Burdett isn't alone in pointing to those two national chains as the most significant investments being made downtown. Retail follows rooftops, so the importance of the growing and diverse residential population filling all those projects is not to be overlooked. It's that there has to be a tipping point.
“Retail is like a lemming sort of business," said Lewis Norry, CEO of Norry Management Co., and part owner of the McCrory's building, which is actively looking to fill a first-floor retail space. "Somebody has to take the risk, and everybody knows what (market) profile everybody else is looking for. … So once Morton's is there, there are other people who wouldn’t listen to you before who now will listen to you.” It was roughly a year ago that Burdett and other local real estate experts were part of a panel at the downtown Bausch+Lomb library that focused on whether the downtown market was ready for retail. One line of discussion was that the demographics of downtown, who filled all the apartments being built or renovated, would shape what retail would follow, and thus the flavor and future of the Center City.
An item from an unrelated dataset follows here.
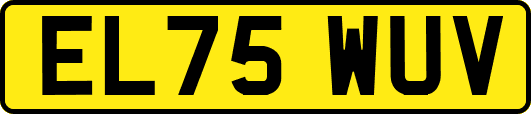 EL75WUV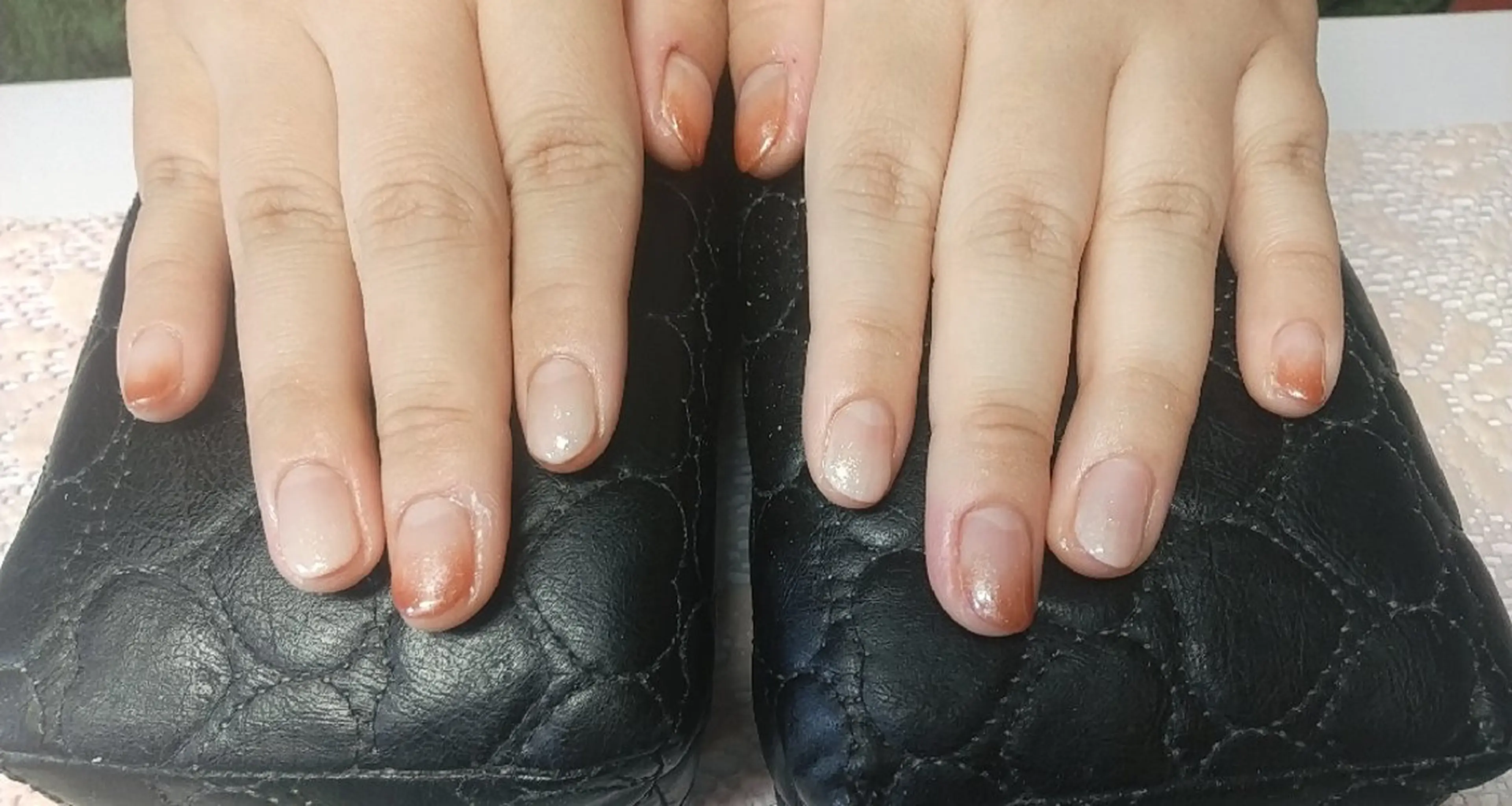 ネイル haru  nailのネイルデザイン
"If you had asked me 12 months ago, what are the chances we would have a national steakhouse opening in downtown Rochester, I wouldn't have given that a high percentage," Burdett said. "That is not necessarily driven by the residential population, and more by hotel development." What has emerged on the residential side is difficult to define. Consider:
► For the 14064 and 14614 ZIP codes, which encompass much of the area inside the Inner Loop, the typical resident is in her 30s, white, lives alone, and makes less than $20,000 a year, according to data from Claritas Market Insights.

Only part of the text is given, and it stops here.